Testa Rossa Overtakes Another Ferrari for $12.2 Million Record
A 1957 Ferrari racer zoomed ahead of any other car ever sold at auction when it was hammered down at more than $12 million at the “Ferrari Leggenda e Passione” in Italy. The 250 Testa Rossa beat out a 1961 Ferrari California Spyder once owned by actor James Coburn. That car sold last year for $10.9 million to English radio and television personality, Chris Evans. Ferrari only produced 22 Testa Rossas of this model.
From The Associated Press via The Denver Post:
NY Auction House Offers Poem by a Young Bob Dylan
More than likely, a poem penned by 16-year-old Bob Zimmerman at summer camp—about a Little Buddy, a dog killed by a drunk, no less—would get much attention 52 years later. But that poignant piece will be auctioned at Christie’s next month with an estimate of $10,000 to $15,000 because Zimmerman changed his name to Dylan and went on to make music history. A fellow camper had fortuitously kept the poem with other memorabilia. Dylan gave the OK to sell it, and proceeds will go toward the camp’s capital campaign.
Mogul’s $3 Million Paddle Battle Lands Bitter Bidders in Court
A shipping magnate bid $3 million by telephone for a 1954 Sam Francis painting sold in Christie’s contemporary art auction May 13. Gregory Callimanopulos says the auctioneer announced to the attending crowd, which included tennis legend John McEnroe and Hollywood heavyweight Michael Ovitz, that the bid was accepted. However, according to the auctioneer, a paddle went up with a bid of $3.2 million. Sold.
Except not so fast. Callimanopulos’ representative at the auction said she saw no paddle raised, which why the battle of the paddle has landed in District Court.

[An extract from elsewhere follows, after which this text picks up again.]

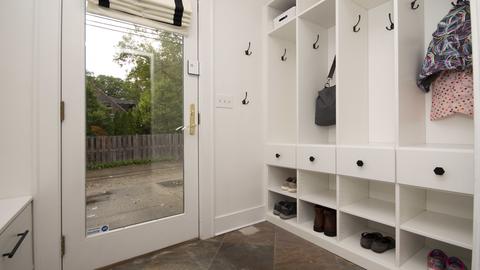 2415 Mcdaniel Ave, Evanston, IL 60201 photo 13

From The (Springfield, Mass.) Republican:
Shoppers throng antiques shows
If the country is in recession, someone forgot to tell the antiques and collectibles hunters swarming over the 50th Brimfield Antiques Shows in Brimfield, Mass. The highway into town is bumper to bumper. The parking lots are full. And people are buying. It’s a “record-breaking Year,” one dealer said.
Batman No. 1
From The Associated Press via The Denver Post:
‘Golden Age’ comics go up for auction in Dallas
It looks like the care a little kid took with the comic books he bought for 10 cents each is going to pay off—big time. Ralph Chicorel, now 78, is putting his collection of more than 100 up for sale. Heritage Auction will be auctioning them off starting Thursday (May 21), and it’s estimated the comics from the 1930s and 1940s will fetch in the neighborhood of $500,000.

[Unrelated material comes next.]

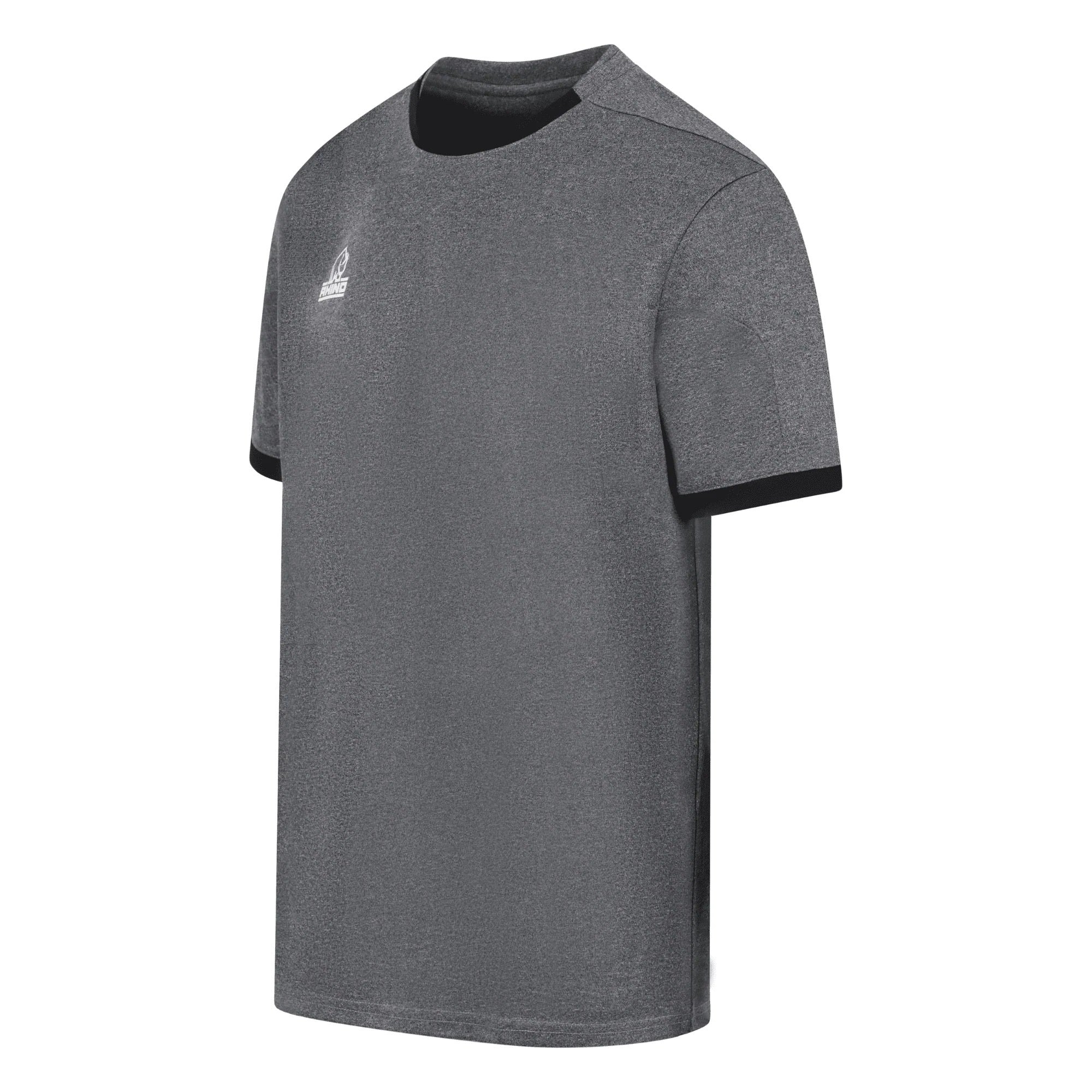 Rhino Active T-Shirt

Among the most prized are “Batman” No. 1, “Marvel Comics” No. 1. and “Marvel Mystery Comics” No. 9, which could bring in $100,000 alone. It is rare and features the Sub-Mariner and the Human Torch in mortal combat on the cover.
S&P Cuts Sotheby’s Bonds to Junk Status
While last week’s contemporary-art auction went well for Sotheby’s, it probably didn’t soften the blow dealt at the beginning of the month by Standard & Poor’s, the credit-rating agency. S&P dropped the auction house to a BB-minus, a “junk grade.” It cited the reduced demand for art globally and Sotheby’s granting guarantees to sellers.
To add to Sotheby’s woes, this new rating may cause trouble with its lenders, increasing its interest rates and decreasing how much it can borrow.